Technical Implementation Guidelines¶
Data representation in CERIF XML¶
The CERIF XML style allowed is the one defined in CERIF 1.6 XML specification. The following rules apply – however we refer to the full specification for the details [1] :
The CERIF data must be represented as descendants of a root XML element, “CERIF”.
Direct descendants of the CERIF elements must be only simple CERIF Entities [2] (such as Person; Project; OrganisationUnit; ResultPublication; ResultProduct) not multi-lingual or link entities or federated identifiers. The list of CERIF Research Entities relevant to OpenAIREplus is the following:
cfProject (cfProj)
cfPerson (cfPers)
cfOrganisationUnit (cfOrgUnit)
cfResultPublication (cfResPubl)
cfResultProduct (cfResProd)
cfFunding (cfFund)
cfService (cfSrv)
cfEquipment (cfEquip)
cfElectronicAddress (cfEAddr)
Each CERIF Research Entity in the CERIF XML file embeds multilingual attributes, link entities and federated identifiers. CERIF Research Entities themselves must not be embedded within another CERIF entity; they can be direct descendants of exclusively the root CERIF XML element. Only links to other entities are allowed to be embedded into CERIF Research entities.
Link entities must appear at both ends of a relationship. For example, if cfProject A is related to cfOrgUnit B, the linked entity cfProj_OrgUnit must appear embedded in the XML record of both cfProject A and cfOrgUnit B. Therefore, the XML element of every CERIF Research Entity instance must embed link entities for all the relationships to which the entity instance participates.
Each link entity contains, among others, the identifiers of a classification (term) that denotes the semantics of the relationship and the classification scheme (vocabulary) to whom the term belongs; neither the detailed specification of the classification nor detailed specification of the classification scheme. Every classification and classification scheme used in link entities should belong to the set of classifications and classification schemes that constitute the OpenAIRE CERIF Semantics specification (see Appendix X). Therefore, every identifier used for specifying semantics of link entities in the CERIF XML exposed by CRIS systems should be among the identifiers (UUIDs) contained in the OpenAIRE CERIF Semantics specification.
Referential integrity constraints for all relationships among entities should be satisfied in the CERIF XML data provided by the CRIS system. Therefore, it is required that all CERIF objects referenced in the linking relationships in the CERIF XML data are actually represented in the data provided by the same CRIS system. For example, consider the case of a relationship between cfOrgUnit A and cfProject B that is included in the source CRIS system. To accomplish this, the CERIF XML data exported by the CRIS system must contain:
- An XML record for cfOrgUnit A. This XML record must contain, as a nested XML element, the link entity cfProj_OrgUnit.

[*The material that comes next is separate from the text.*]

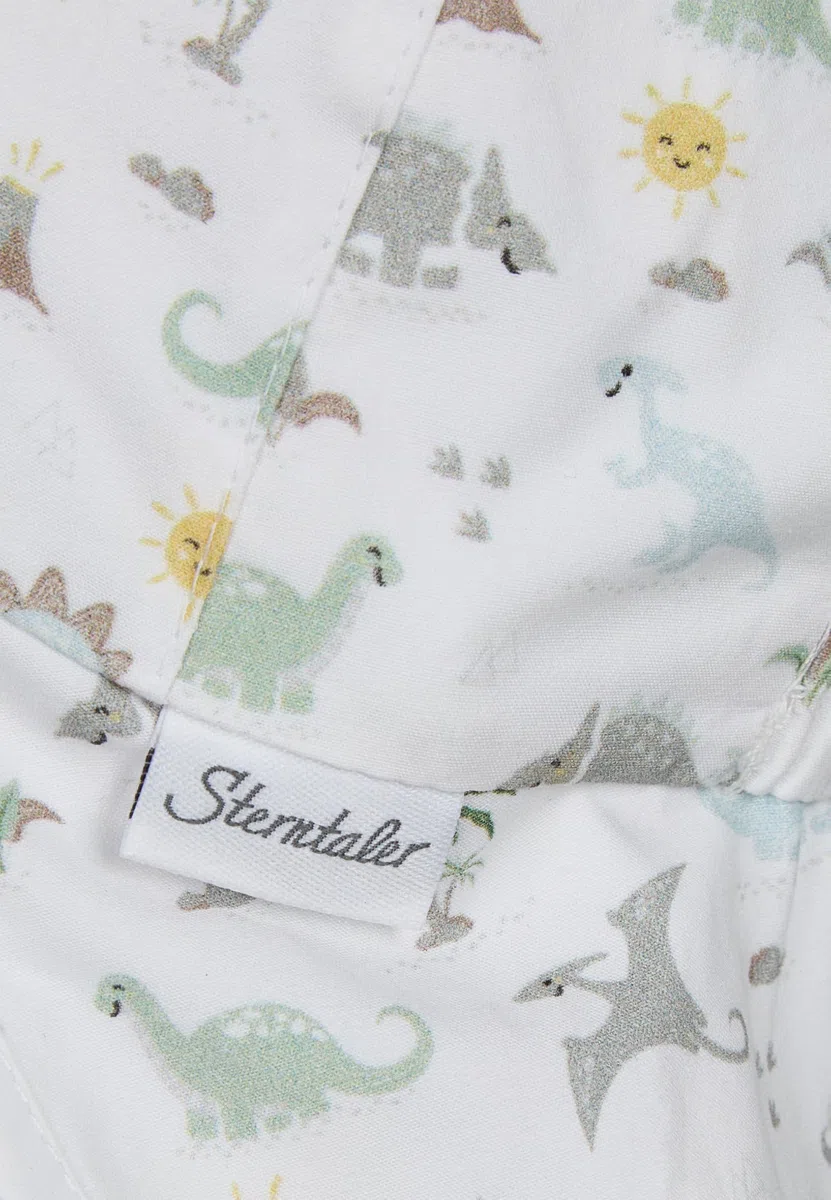 Sterntaler Schirmmütze Nackenschutz Dinowelt – Leichte Kindermütze aus Baumwoll-Popeline mit Dino-Print, elastischem Gummibund, Bindeband und weichem Innenfutter, UV-Schutz 50+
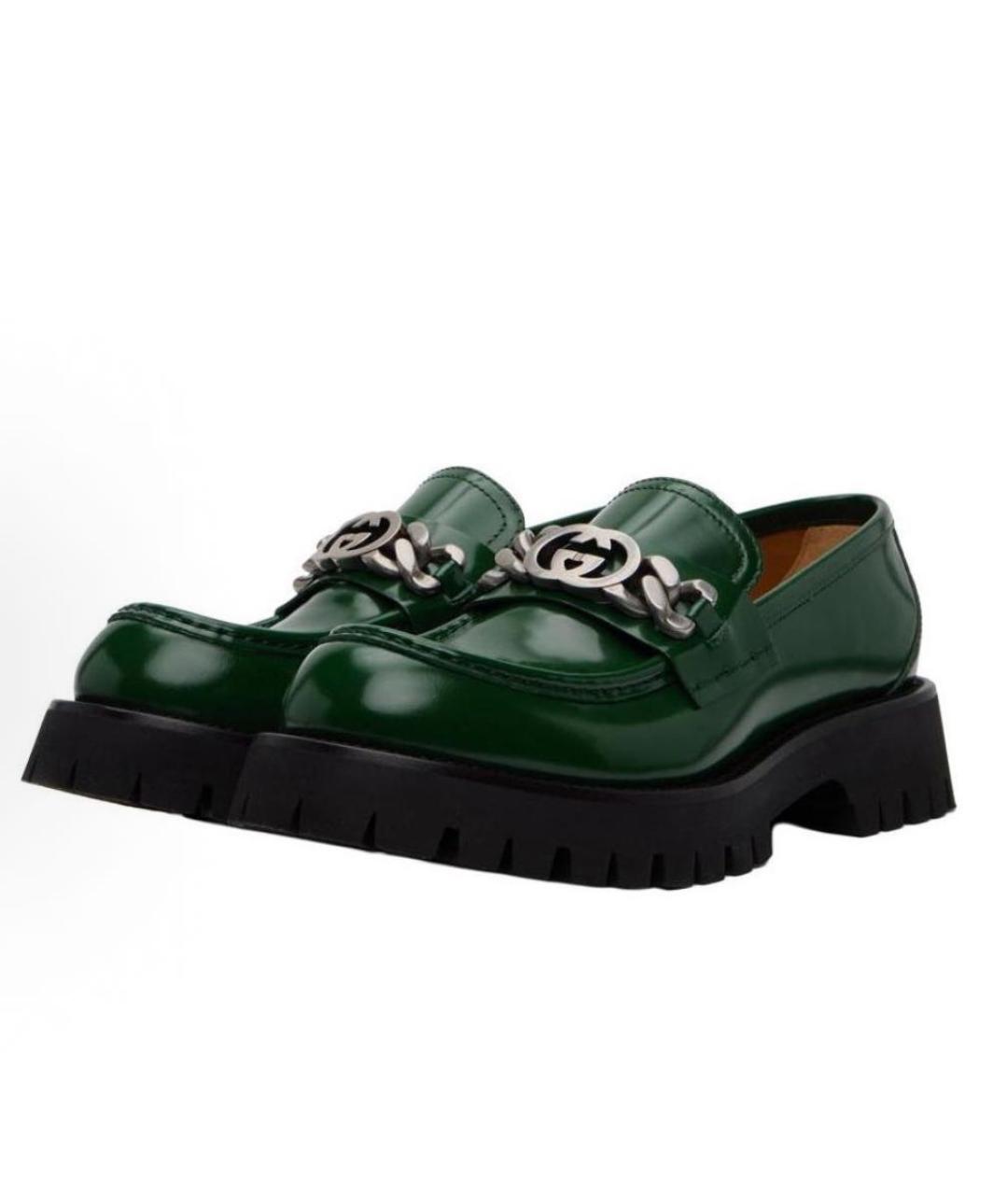 GUCCI Зеленые кожаные лоферы, фото 3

- An XML record for cfProj B. This XML record must contain, as a nested XML element, the link entity cfProj_OrgUnit.
It is worth noting that the two aforementioned XML records may be contained in distinct sets of XML records exported by the CRIS system through separate OAI-PMH sets (see Section “OpenAIRE OAI-PMH Set”).
Footnotes
[1] | CERIF 1.6 XML Specification |
[2] | CERIF 1.6 XML: http://www.eurocris.org/Index.php?page=CERIF-1.6&t=1 |
CERIF Semantic Layer link entities implementation in OpenAIRE CERIF XML¶
The applicable vocabularies will be provided and thus recognised by the OpenAIRE infrastructure via identifiers (UUIDs) in the CERIF cfClass.cfClassId attributes’ values. Those specific vocabularies that must be used by CRIS systems harvested by OpenAIRE are specified in the tables of the section entitled “CRIS information elements relevant for OpenAIRE”.
For the specific case of external vocabularies utilised by the OpenAIRE guidelines (ISO 3166-1 for countries, ISO 639-1 for languages and NUTS for geographical regions) the cfClass.cfClassId attributes’ values will contain the codes of the terms in the respective standard (e.g. “GB” for United Kingdom in ISO-3166-1), while the cfClass.cfClassTerm.cfTerm values will be the human readable labels of the corresponding value (e.g. “United Kingdom (the)” for the United Kingdom in ISO-3166-1). UUIDs will not be used as cfClassId values for these external vocabularies. The associated CERIF semantics file gives just a few example entries.
OAI-PMH for Harvesting¶
OpenAIRE uses the OAI-PMH v2.0 protocol for harvesting metadata from CRIS systems.
Metadata Format¶
OpenAIRE expects metadata from CRIS systems to be encoded in the CERIF XML metadata format, as specialised for OpenAIRE. The following metadata prefix should be used: oai_cerif_openaire. For information on how to use the OpenAIRE CERIF XML please refer to the CERIF XML specification and the specialisations of CERIF XML defined in the present document.
OpenAIRE OAI-PMH Sets¶
For harvesting the records relevant to OpenAIRE, the use of specific OAI-PMH sets at the local CRIS system is mandatory. The description and required characteristics of the sets are provided in the following table:
Description | Required characteristics |
---|---|
The entire graph of CERIF entities in the source
CRIS system of relevance to OpenAIRE. CERIF XML
records for all vocabularies (classification schemes)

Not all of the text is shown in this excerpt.